Neither Snow nor Rain, but Political Interference: Voter Suppression and the USPS

By: Jonathan Gonzalez



In a year of unprecedented events, among the most unexpected is Trump’s ongoing attempt to erode public faith in the United States Postal Service (“USPS”) and its ability to ensure a free and fair election through mail-in ballots. How exactly did we get here?


Money Talks

Congressional Republicans passed the Postal Accountability Enhancement Act (“PAEA”) in 2006 to reform USPS operations after its business model was deemed no longer viable, but PAEA’s passage was perceived as hostile to the USPS’ efforts to stay in business. PAEA, among other things, set up a pre-funding requirement that the USPS make annual payments, which amounted to between $5.4 to $5.8 billion a year, into a retirement healthcare benefits fund through 2016 to cover its obligations to current and retired employees; the USPS defaulted on these payments beginning in 2012. However, this was only one strain on the USPS’s finances. Another is the long-running decline in first-class mail volume since 2001. After 2006, the USPS went into debt and stayed in the red for 13 consecutive years.

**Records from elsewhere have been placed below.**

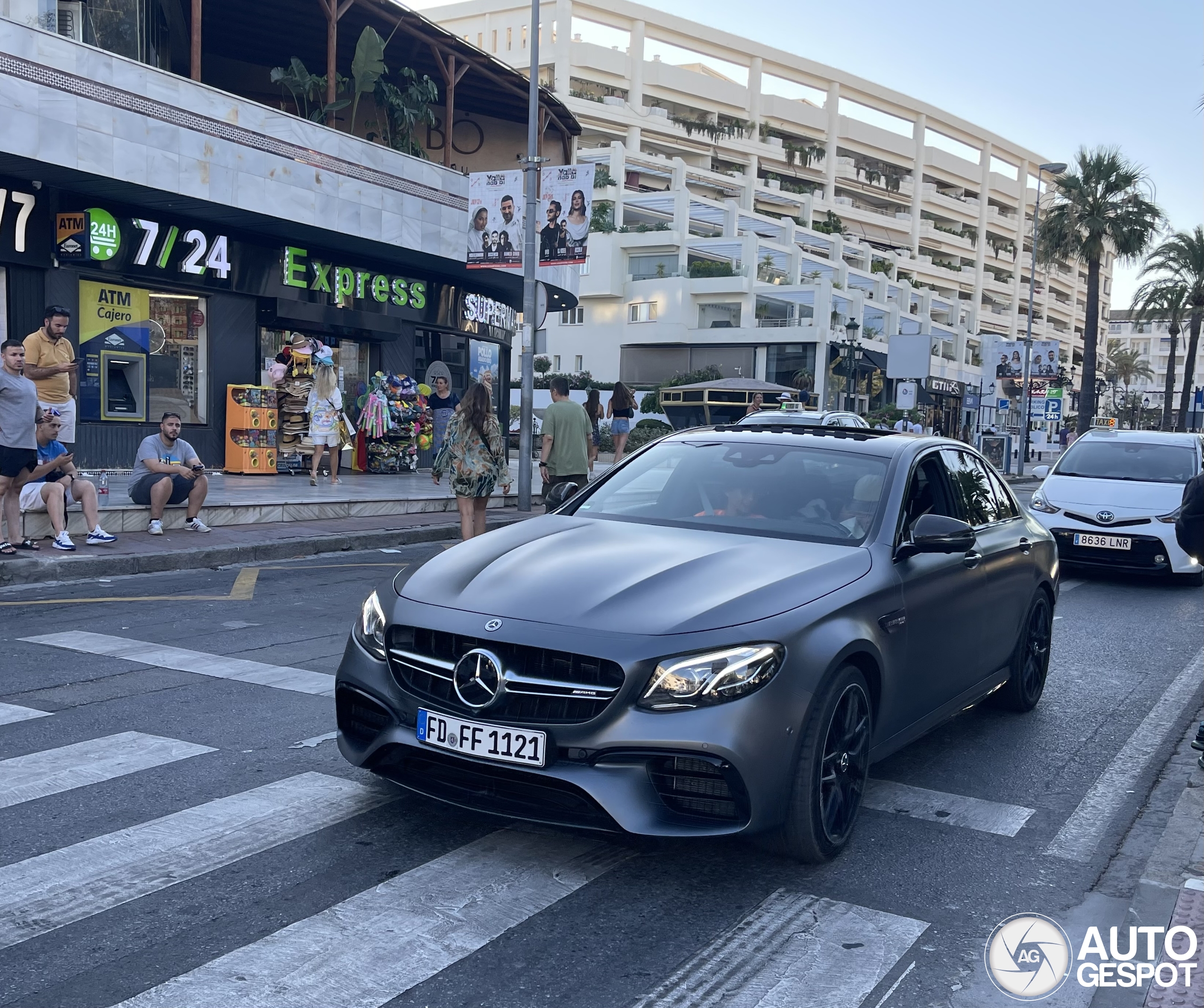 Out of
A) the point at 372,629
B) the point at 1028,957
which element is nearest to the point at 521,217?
the point at 372,629

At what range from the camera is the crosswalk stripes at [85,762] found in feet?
14.3

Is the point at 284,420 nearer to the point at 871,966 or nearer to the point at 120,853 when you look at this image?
the point at 120,853

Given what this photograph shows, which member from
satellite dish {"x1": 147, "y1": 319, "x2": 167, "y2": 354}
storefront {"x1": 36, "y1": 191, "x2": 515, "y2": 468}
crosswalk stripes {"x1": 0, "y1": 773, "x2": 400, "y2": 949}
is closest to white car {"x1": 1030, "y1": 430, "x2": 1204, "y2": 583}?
crosswalk stripes {"x1": 0, "y1": 773, "x2": 400, "y2": 949}

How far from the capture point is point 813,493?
4871 mm

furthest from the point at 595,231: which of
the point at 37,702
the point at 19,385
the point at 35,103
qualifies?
the point at 37,702

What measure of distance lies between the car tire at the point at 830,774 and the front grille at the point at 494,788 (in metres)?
0.64

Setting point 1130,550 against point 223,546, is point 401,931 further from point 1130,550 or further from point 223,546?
point 1130,550

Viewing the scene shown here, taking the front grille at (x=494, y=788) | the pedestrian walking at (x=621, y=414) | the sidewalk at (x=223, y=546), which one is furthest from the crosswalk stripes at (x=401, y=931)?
the pedestrian walking at (x=621, y=414)

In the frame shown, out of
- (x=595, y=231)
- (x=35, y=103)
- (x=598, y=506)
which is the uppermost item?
(x=595, y=231)

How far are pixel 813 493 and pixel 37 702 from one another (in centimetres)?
388

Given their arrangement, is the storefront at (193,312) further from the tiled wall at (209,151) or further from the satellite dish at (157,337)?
the tiled wall at (209,151)

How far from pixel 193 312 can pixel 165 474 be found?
7074 mm

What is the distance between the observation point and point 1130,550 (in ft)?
37.0

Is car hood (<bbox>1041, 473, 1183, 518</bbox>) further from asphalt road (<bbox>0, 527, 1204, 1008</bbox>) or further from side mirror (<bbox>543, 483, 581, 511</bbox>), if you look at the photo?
side mirror (<bbox>543, 483, 581, 511</bbox>)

In February, the House passed the USPS Fairness Act with some bipartisan support to alleviate needless burdens on the USPS by undoing the prefunding requirement and forgiving payments on which the USPS defaulted. However, it’s currently showing no signs of life in the Republican-controlled Senate. If the USPS receives no congressional assistance and its package volumes revert to pre-pandemic levels, it projects running out of cash by April 2021.

The Trump Administration has previously proposed a vast restructuring of the USPS, including its privatization, in pursuit of President Trump’s own vision to cut costs and promote efficiency. Trump also pressured ex-Postmaster General Megan Brennan to double rates on USPS-delivered Amazon packages to turn a profit, though she resisted. More recently, Treasury Secretary Steven Mnuchin considered seeking authority to approve USPS organizational changes as condition precedent for allowing it to utilize a newly authorized, emergency $10 billion coronavirus loan, though the Treasury ultimately relented, granting loan access once the USPS decided to hand over its biggest negotiated service agreements while committing to spend withdrawn loan money within 30 days.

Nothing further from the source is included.